Ir al contenido principal

Abducidos

Hay vida más allá del órdago secesionista, y algún día, esperemos que no muy lejano, podremos dejar de pensar a todas horas en el tema, podremos superar esta conmoción por lo sucedido y esta ansiedad por lo que puede suceder. Tal vez un día, esperemos que próximo, la política deje de ser una tensión y una coacción, y volvamos a preocuparnos por lo realmente preocupante, que son el trabajo y la educación y la pobreza de dos tercios del mundo y el imperio del capital y la devastación de la naturaleza, y tantas cosas que estamos descuidando aplastadas bajo los escombros de esta febril demolición.


Quizá, también, podamos regresar a la construcción de la vida personal, a nuestras viejas inquietudes existenciales y nuestras aspiraciones a la vida buena y pacífica que buscaban Epicuro, Séneca, Montaigne o Spinoza, al amor al conocimiento que animaba la pasión de Tales, Aristóteles, Leonardo, Hume, Newton o Marx, al esfuerzo por concebir una ética coherente y fundamentada al que dedicaron su obra Kant, Schopenhauer, Nietzsche, Sartre o Foucault.

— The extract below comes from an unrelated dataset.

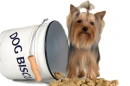DOGGIE TREATS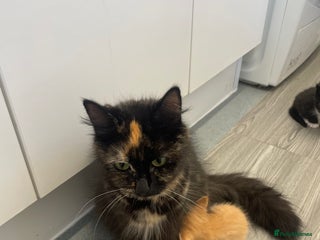 British Shorthair cats for sale - Advert 1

Tal vez suceda un día, pero de momento estamos aquí, abducidos por el delirio nacionalista, que es el monstruo producido por el sueño de la razón, un monstruo que incubaron y alimentaron las élites burocráticas tradicionalistas y que fue clavando sus tentáculos, cada vez más hondo, en algo tan sencillo como el apego al terruño, obnubilando a tantas personas de buena fe que llegaron a creer que un himno o una bandera están por encima de la gente porque son anteriores a ella, como los dioses y los mitos, y por tanto hay que defenderlos de ella e imponérselos si es preciso.
Ente esas multitudes exaltadas por el espejismo patriótico se colaron, como sucede siempre, montones de resentidos, frustrados, oportunistas y corruptos, no pocos ingenuos neorrománticos, jóvenes insatisfechos que confundieron el sueño de las patrias con el de un mundo mejor.
Y temerosos, muchos temerosos, porque la fuerza persuasora de los movimientos colectivos sobre ese miedo atávico del individuo a la exclusión es implacable. Nada alivia más el miedo solitario que el enardecimiento de la masa, nada nos inspira más seguridad que comulgar con mucha gente, aunque sea a través de una alucinación colectiva; uno se siente protegido en el abrazo de la multitud, y entregarse a la abducción es un recurso para descansar de esa tarea tan ardua e insegura que es mantener el propio criterio mientras los que te rodean entre ellos muchos de los que te quieren o a los que quieres te lo están reclamando sin cesar. ¡Ven con nosotros! ¡Deja de resistirte! No importa que tengamos o no la razón, no importa que en nombre de nuestras reivindicaciones disparatadas se cometan atropellos o se quiebren cosas valiosas. ¡Qué bonito es estar juntos, apretados en torno a sueños y nostalgias, entusiasmados por destinos luminosos que parecen al alcance de la mano! ¡Qué bonito es creer a pies juntillas que somos los buenos, que tenemos la razón, que hay un villano contra el cual conjurarse, y sustentar todas esas convicciones sin tener que someterlas al fastidioso rigor del análisis, al juicio de esos aguafiestas que son el sentido común y el razonamiento!
En medio de ese clima de exaltación colectiva, el escéptico y el sereno, el dialogante y el independiente, no solo resultan extraños, sino que sobre todo, para su mal, causan una profunda molestia; son reducidos a la categoría de blandos o traidores. Serán perseguidos y arrinconados, corren el peligro de perder afectos en el vendaval de ceguera que les rodea, podrían ser señalados como traidores y tratados como chivos expiatorios: si no se convierten, aprenden pronto a callar, y procuran moverse en un limbo de indefinición que les proteja.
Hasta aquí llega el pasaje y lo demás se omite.